→ **Supplied material**:
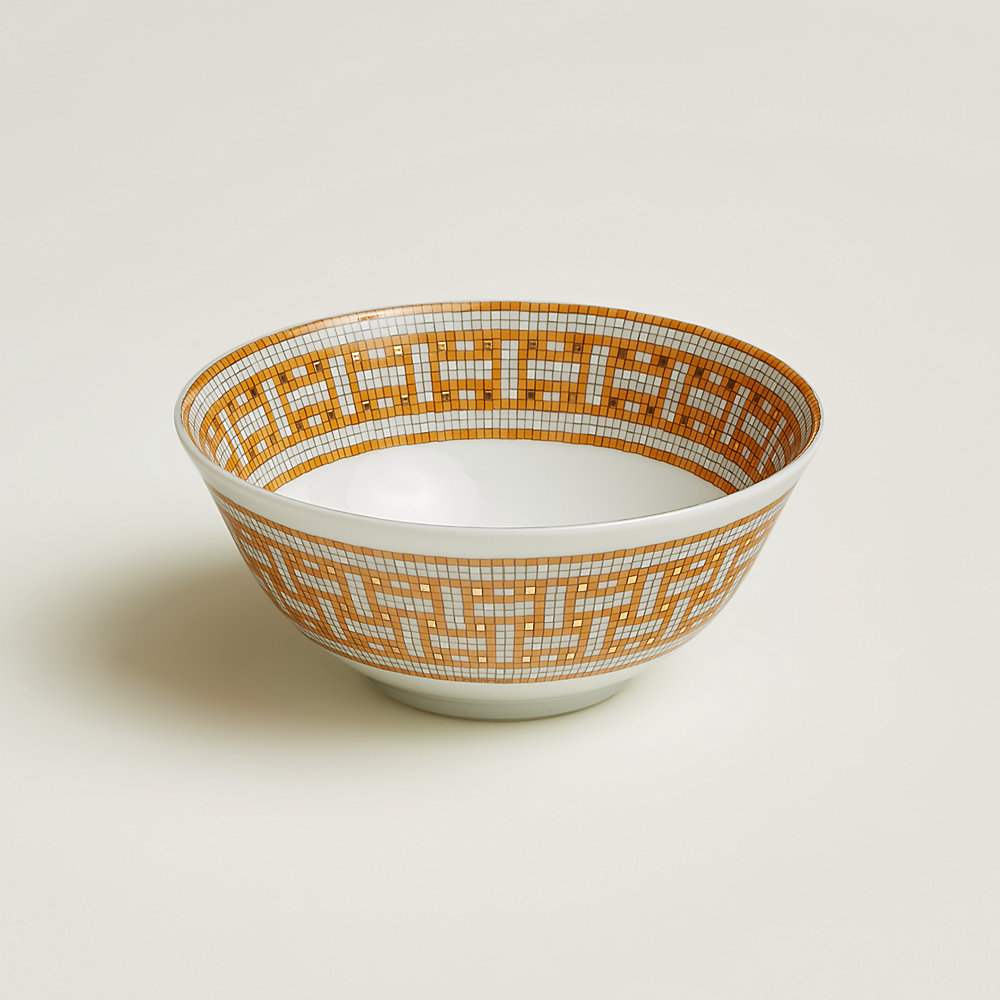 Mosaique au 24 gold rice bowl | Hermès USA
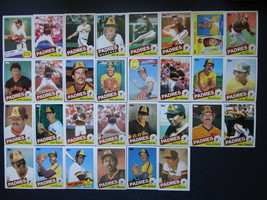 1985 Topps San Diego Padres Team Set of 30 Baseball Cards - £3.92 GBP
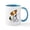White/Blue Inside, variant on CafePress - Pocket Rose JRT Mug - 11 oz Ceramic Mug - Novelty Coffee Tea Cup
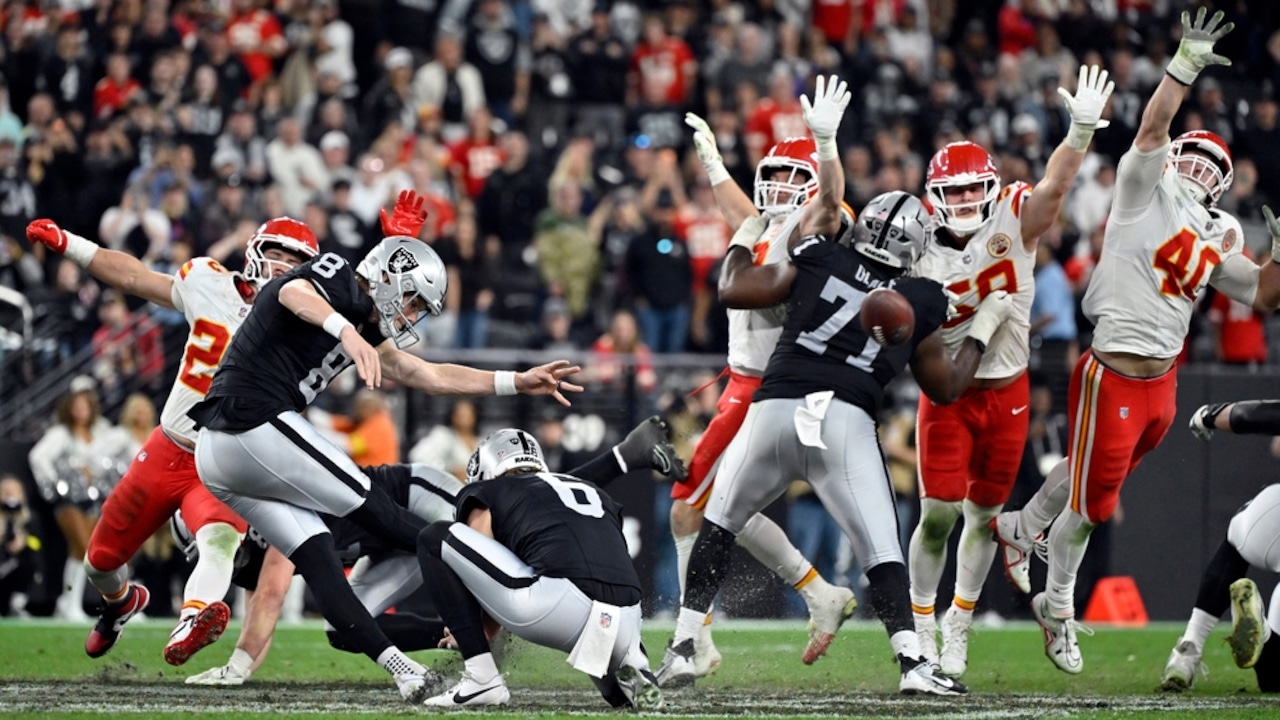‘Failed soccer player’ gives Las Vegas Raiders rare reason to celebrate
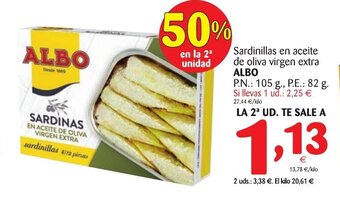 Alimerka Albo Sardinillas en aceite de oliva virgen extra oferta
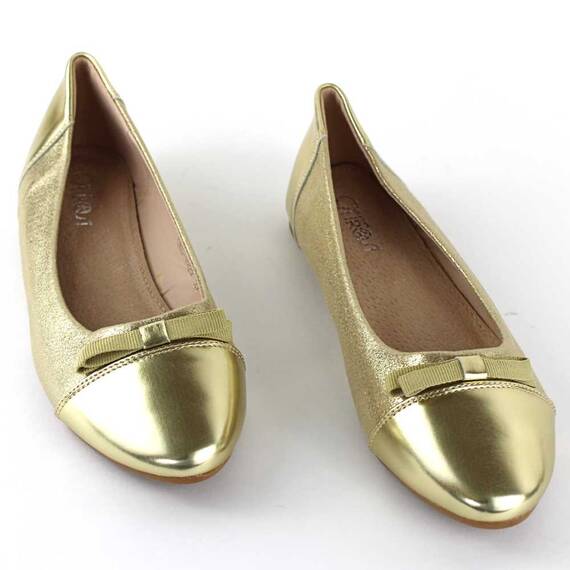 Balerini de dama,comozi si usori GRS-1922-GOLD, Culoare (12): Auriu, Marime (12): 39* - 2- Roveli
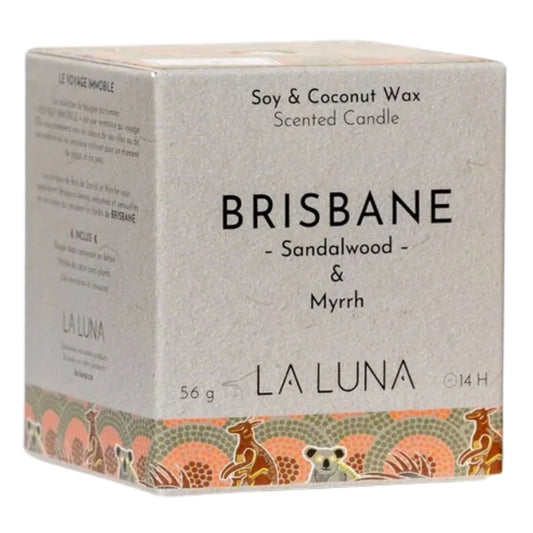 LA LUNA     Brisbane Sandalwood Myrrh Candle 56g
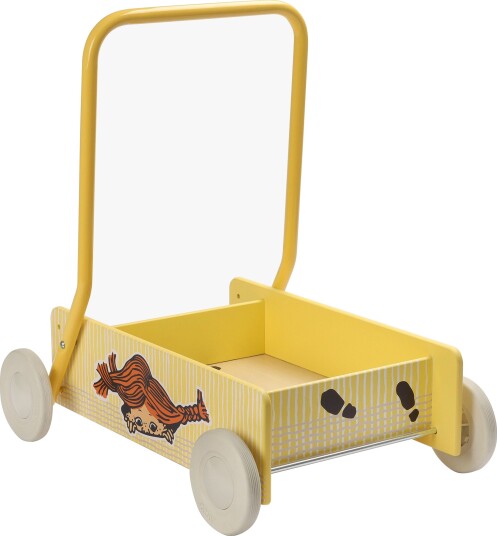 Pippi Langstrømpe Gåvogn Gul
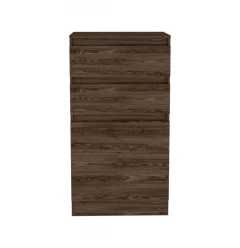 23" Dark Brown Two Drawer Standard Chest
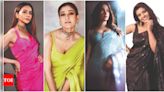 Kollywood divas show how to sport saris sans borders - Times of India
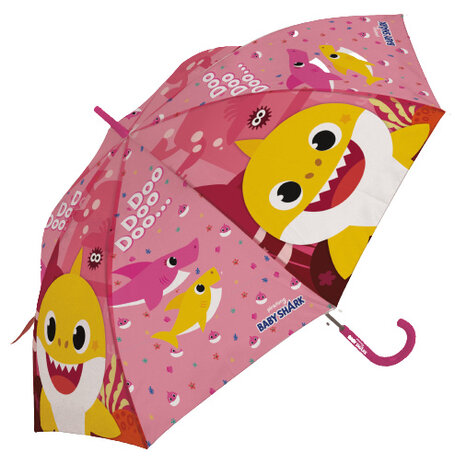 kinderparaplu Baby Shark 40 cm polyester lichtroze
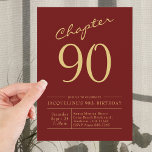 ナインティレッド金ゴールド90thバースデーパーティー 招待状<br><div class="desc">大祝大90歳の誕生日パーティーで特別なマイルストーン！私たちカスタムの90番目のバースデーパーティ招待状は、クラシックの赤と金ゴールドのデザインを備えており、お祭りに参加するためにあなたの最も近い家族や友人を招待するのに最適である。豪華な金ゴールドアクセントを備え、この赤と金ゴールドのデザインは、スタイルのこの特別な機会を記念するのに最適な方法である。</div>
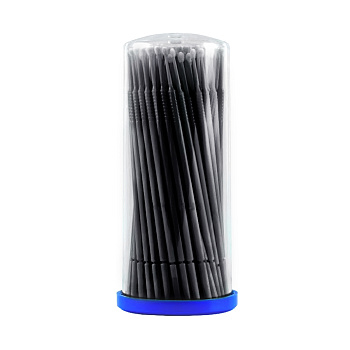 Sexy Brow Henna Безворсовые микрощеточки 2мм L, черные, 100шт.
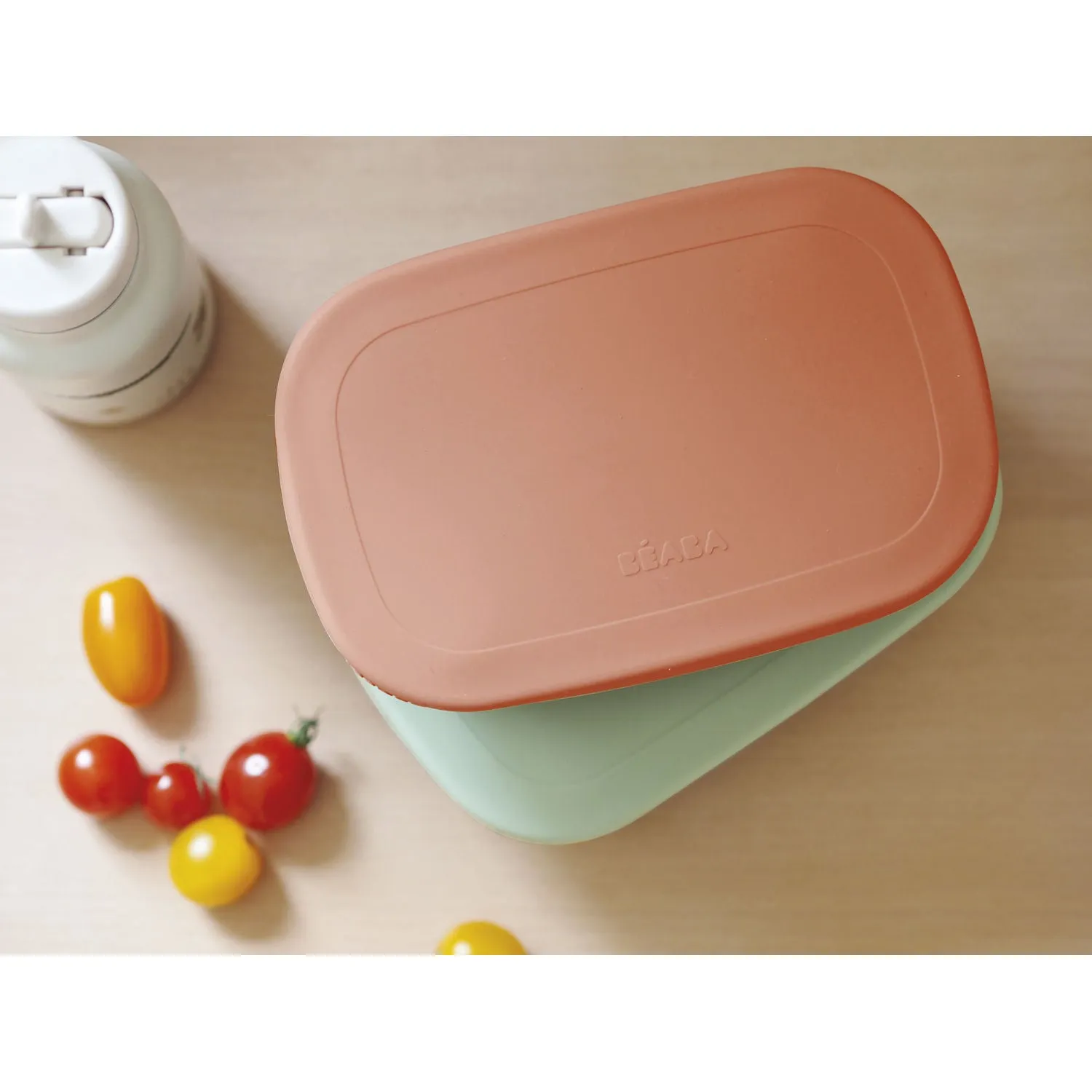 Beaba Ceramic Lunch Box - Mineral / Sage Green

→ **Exercise instructions**: Set down all of the entries exactly as they stand, without any image.

→ **Solution to the exercise**:
 Mosaique au 24 gold rice bowl | Hermès USA
 1985 Topps San Diego Padres Team Set of 30 Baseball Cards - £3.92 GBP
White/Blue Inside, variant on CafePress - Pocket Rose JRT Mug - 11 oz Ceramic Mug - Novelty Coffee Tea Cup
‘Failed soccer player’ gives Las Vegas Raiders rare reason to celebrate
 Alimerka Albo Sardinillas en aceite de oliva virgen extra oferta
 Balerini de dama,comozi si usori GRS-1922-GOLD, Culoare (12): Auriu, Marime (12): 39* - 2- Roveli
 LA LUNA     Brisbane Sandalwood Myrrh Candle 56g
 Pippi Langstrømpe Gåvogn Gul
 23" Dark Brown Two Drawer Standard Chest
 Kollywood divas show how to sport saris sans borders - Times of India
 kinderparaplu Baby Shark 40 cm polyester lichtroze
 ナインティレッド金ゴールド90thバースデーパーティー 招待状<br><div class="desc">大祝大90歳の誕生日パーティーで特別なマイルストーン！私たちカスタムの90番目のバースデーパーティ招待状は、クラシックの赤と金ゴールドのデザインを備えており、お祭りに参加するためにあなたの最も近い家族や友人を招待するのに最適である。豪華な金ゴールドアクセントを備え、この赤と金ゴールドのデザインは、スタイルのこの特別な機会を記念するのに最適な方法である。</div>
 Sexy Brow Henna Безворсовые микрощеточки 2мм L, черные, 100шт.
 Beaba Ceramic Lunch Box - Mineral / Sage Green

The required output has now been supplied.